So it's perhaps no surprise that NASA is seeking to get astronauts to Mars. But the space agency isn't legally required to work toward this goal, Sherwood said, citing the NASA Authorization Act of 2010.
According to the Act, "The long-term goal of the human spaceflight and exploration efforts of NASA shall be to expand permanent human presence beyond low-Earth orbit and to do so, where practical, in a manner involving international partners."
The Act doesn't stipulate that sending people to Mars must be part of this process, so NASA has some flexibility. Sherwood thinks the agency should re-examine its human spaceflight program, because pushing for the Red Planet in the next three decades or so may not constitute the best use of NASA's limited resources. [Future Visions of Human Spaceflight]
$100 billion for six astronauts?
A manned Mars mission would be incredibly expensive. NASA estimates peg the overall expenditures at about $100 billion over 30 or 40 years, Sherwood said, but those numbers may be too low.
The International Space Station (ISS), after all, was initially anticipated to cost $10 billion over 10 years. But it ended up costing 10 times that, and took nearly three decades to assemble.
NASA officials have said the agency will work with international partners on any potential manned Mars mission, so the agency wouldn't have to fork out the entire $100 billion (or however much such an effort ends up costing). But the returns to the agency and the nation could still up being comparatively meager, Sherwood said.
"After all of that investment, and all this commitment sustained over these decades, you get six civil servants on another planet, and probably only two of them are U.S. civil servants, because it's got to be an international project," Sherwood said.
"So maybe that's worth it; I don't know," he added. "I think it may be judged in the grand arc of modern history to be seen as not worth it, and I think that's the risk. But that's the conversation to have."

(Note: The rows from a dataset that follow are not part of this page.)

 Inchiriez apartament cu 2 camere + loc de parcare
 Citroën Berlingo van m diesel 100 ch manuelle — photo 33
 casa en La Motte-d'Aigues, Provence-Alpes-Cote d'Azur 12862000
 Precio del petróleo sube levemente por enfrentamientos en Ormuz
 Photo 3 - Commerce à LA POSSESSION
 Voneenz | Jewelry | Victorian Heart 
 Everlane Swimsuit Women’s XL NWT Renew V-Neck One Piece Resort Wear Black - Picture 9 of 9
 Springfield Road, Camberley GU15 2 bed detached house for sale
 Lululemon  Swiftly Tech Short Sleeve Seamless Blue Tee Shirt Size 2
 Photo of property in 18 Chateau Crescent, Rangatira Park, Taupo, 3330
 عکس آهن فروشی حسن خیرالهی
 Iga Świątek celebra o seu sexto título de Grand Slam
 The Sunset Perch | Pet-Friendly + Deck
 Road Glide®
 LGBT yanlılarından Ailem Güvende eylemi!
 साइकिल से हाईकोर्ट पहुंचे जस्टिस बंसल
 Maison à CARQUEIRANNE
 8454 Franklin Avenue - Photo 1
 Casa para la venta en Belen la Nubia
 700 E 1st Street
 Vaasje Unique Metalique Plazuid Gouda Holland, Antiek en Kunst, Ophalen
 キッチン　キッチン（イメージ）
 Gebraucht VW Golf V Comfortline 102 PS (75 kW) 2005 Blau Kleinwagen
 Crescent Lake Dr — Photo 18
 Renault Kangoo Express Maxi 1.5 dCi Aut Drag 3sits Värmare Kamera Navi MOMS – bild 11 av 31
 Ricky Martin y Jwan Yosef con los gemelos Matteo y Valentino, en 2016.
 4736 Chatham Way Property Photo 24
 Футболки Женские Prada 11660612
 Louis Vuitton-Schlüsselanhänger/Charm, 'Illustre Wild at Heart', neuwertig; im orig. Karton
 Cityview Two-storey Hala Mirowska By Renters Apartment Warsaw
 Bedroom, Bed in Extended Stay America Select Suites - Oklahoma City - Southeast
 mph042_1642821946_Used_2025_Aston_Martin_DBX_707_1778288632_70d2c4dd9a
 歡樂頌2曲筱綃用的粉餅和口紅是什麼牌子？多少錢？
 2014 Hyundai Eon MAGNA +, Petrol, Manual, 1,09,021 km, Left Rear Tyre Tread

While reaching Mars would be a triumphant moment for our species, there's unlikely to be much scientific rationale for putting humans on the Red Planet three decades from now, Sherwood said. NASA's robotic explorers have become more and more capable and durable over the last 15 years or so, and there's no reason to think such improvements won't continue.
"The humans are not going to be doing anything close to the kind of science that we're already doing robotically or that we can do on ISS in low-Earth orbit right now," Sherwood said.
And robotic missions — like NASA's Mars Science Laboratory, which is due to drop the car-size Curiosity rover on the Red Planet Sunday night — are cheap by comparison. MSL, the biggest and most ambitious rover ever launched, costs $2.5 billion.
Human spaceflight alternatives
If NASA did decide to turn its human spaceflight efforts away from Mars, where could it direct them? Sherwood gave three alternatives, all of which he said are worth a look.
One is colonizing the moon, which would extend humanity's footprint beyond Earth and teach us how to utilize space-based resources. Sherwood said a focus on lunar settlement could conceivably result in 100 or so people living on Earth's nearest neighbor by 2050.
Another option is to help accelerate the pace of passenger space travel, an effort that NASA is already encouraging via its Commercial Crew Development program. Going more fully down this path could help extend spaceflight to the masses, with potentially thousands of people visiting orbiting hotels and resorts by mid-century, Sherwood said.
Finally, NASA could focus on making space-based solar power — a long-held dream of futurists and science-fiction writers — a reality. Building power-beaming stations in space could help secure a clean-energy future for the planet and give our species a foothold in Earth orbit, with perhaps 100 skilled workers living offworld by 2050, Sherwood said.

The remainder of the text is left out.